■ **Assigned task**
The lines you return should be those containing the string "Hair", taken from the data below.

■ **Source records**

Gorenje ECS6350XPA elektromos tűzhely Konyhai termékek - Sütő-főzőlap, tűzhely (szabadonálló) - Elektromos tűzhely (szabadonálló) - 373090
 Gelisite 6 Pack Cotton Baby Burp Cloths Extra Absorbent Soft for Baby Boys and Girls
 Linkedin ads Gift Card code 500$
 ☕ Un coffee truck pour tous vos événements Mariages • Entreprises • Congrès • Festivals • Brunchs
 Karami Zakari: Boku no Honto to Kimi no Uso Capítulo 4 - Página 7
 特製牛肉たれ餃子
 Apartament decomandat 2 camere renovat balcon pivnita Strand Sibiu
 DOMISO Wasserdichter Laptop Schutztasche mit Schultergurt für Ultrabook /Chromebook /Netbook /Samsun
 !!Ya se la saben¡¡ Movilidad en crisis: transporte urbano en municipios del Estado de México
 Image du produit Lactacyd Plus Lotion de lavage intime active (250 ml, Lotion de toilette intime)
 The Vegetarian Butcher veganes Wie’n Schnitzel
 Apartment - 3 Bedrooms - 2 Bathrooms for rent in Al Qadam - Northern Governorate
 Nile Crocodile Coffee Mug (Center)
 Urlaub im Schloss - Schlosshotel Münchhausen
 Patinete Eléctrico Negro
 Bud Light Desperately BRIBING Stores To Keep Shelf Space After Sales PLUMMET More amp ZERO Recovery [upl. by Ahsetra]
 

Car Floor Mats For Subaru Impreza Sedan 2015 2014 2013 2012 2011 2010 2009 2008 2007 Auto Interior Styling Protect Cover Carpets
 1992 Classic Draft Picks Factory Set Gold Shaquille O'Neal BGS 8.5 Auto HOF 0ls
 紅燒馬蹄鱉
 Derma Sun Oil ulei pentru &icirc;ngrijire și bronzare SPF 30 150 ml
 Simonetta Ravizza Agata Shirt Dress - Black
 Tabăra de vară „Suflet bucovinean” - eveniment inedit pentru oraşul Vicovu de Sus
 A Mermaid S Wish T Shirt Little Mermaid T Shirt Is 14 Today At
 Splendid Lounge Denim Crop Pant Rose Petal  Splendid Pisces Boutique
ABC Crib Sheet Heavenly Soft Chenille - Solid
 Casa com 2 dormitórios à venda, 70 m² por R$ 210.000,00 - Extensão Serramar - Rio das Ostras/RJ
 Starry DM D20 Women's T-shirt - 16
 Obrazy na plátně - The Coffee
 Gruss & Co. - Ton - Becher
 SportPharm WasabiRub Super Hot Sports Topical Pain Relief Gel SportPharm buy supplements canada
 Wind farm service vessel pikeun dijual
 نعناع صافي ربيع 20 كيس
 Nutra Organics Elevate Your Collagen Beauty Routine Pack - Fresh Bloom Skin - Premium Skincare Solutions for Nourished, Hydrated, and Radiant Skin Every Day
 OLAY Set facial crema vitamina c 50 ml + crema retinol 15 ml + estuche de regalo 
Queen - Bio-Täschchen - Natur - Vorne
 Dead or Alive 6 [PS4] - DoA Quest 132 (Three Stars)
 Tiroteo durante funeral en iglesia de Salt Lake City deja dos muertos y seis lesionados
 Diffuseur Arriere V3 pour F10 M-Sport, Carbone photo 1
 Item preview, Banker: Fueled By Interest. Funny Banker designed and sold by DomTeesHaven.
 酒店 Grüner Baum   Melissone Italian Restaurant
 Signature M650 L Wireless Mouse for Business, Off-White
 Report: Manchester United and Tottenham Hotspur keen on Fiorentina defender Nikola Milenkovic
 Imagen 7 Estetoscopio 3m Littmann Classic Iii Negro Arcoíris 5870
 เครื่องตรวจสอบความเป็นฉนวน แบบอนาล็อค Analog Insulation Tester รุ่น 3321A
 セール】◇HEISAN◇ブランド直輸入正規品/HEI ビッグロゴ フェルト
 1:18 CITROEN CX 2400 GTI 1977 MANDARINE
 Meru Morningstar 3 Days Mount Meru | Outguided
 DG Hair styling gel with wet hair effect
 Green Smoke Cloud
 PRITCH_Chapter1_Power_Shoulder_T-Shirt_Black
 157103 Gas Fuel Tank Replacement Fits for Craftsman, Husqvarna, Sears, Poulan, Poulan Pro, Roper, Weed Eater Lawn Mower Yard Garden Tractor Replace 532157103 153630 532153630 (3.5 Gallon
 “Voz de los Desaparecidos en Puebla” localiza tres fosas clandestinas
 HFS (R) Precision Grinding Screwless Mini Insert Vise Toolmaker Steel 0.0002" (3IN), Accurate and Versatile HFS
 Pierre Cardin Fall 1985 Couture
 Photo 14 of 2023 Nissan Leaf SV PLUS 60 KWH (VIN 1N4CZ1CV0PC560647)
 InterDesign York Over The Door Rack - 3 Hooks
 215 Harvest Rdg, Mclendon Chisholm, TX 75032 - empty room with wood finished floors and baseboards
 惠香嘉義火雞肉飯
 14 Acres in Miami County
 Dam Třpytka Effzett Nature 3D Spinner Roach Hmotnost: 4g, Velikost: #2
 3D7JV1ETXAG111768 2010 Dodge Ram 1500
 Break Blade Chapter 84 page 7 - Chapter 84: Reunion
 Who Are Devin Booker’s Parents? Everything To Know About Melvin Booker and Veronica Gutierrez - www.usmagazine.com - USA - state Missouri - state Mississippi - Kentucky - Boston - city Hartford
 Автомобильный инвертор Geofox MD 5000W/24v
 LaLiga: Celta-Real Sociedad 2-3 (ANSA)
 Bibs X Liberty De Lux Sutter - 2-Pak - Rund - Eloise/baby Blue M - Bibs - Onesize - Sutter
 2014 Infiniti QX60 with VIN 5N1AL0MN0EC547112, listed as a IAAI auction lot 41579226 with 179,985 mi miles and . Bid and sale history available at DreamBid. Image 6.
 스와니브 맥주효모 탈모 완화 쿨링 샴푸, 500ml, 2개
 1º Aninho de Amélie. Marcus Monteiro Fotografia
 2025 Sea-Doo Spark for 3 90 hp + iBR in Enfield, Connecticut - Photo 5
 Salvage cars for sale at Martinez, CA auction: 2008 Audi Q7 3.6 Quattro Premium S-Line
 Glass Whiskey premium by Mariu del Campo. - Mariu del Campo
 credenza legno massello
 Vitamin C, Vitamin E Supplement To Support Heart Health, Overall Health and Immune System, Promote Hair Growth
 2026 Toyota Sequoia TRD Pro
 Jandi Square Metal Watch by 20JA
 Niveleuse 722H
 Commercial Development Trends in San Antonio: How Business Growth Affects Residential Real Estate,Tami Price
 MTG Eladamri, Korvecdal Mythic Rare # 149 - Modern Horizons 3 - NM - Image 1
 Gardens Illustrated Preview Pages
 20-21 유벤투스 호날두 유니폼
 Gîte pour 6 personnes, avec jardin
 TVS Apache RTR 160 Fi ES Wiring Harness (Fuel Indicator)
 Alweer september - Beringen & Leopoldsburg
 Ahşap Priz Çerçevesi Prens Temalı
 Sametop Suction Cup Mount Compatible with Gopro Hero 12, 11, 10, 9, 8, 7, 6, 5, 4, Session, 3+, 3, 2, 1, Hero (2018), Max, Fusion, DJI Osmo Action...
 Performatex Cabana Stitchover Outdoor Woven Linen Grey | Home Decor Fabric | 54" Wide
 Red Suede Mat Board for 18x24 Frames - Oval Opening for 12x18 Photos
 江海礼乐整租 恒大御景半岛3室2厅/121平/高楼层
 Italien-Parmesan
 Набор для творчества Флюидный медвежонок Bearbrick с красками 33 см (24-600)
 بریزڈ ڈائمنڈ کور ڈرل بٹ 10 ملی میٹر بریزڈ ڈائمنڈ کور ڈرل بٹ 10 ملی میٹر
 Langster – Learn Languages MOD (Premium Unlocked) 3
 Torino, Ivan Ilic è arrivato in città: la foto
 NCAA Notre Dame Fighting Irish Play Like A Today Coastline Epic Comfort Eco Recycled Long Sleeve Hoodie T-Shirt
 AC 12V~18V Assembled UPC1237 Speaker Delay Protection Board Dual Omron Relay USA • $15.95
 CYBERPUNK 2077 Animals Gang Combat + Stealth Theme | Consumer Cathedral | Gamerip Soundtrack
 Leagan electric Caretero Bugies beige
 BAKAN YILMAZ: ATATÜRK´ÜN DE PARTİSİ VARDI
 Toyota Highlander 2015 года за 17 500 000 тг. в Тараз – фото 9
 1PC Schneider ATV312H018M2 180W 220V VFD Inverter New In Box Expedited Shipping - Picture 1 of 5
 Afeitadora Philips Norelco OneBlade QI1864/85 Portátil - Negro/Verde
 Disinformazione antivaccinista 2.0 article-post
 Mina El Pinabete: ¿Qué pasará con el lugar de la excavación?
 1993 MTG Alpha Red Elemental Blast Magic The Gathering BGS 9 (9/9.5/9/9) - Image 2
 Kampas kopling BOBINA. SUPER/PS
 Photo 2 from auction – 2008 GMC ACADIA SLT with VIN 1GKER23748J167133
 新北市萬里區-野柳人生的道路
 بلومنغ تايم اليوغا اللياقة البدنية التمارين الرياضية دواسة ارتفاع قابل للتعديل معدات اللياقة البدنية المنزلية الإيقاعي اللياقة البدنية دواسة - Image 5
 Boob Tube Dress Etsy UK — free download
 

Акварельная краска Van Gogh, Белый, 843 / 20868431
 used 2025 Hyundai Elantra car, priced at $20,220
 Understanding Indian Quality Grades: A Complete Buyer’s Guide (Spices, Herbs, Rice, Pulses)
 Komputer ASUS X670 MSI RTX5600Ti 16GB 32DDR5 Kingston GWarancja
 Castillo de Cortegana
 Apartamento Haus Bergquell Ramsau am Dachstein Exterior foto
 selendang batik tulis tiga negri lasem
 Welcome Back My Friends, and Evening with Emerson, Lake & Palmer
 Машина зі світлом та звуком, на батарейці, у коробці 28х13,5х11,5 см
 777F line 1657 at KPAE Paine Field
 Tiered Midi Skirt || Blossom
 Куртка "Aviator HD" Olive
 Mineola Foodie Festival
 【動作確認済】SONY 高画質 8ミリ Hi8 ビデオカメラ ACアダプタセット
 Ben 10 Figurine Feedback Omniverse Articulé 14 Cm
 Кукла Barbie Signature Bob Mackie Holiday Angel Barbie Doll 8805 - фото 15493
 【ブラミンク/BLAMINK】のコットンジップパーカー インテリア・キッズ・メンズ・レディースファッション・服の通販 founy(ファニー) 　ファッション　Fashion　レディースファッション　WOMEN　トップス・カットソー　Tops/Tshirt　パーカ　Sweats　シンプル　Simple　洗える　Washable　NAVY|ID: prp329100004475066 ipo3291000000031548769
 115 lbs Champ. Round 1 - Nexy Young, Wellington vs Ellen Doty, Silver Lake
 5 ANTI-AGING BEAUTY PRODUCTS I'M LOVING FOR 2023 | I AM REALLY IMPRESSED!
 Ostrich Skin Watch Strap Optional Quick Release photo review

■ **Task answer**
 DG Hair styling gel with wet hair effect
 Vitamin C, Vitamin E Supplement To Support Heart Health, Overall Health and Immune System, Promote Hair Growth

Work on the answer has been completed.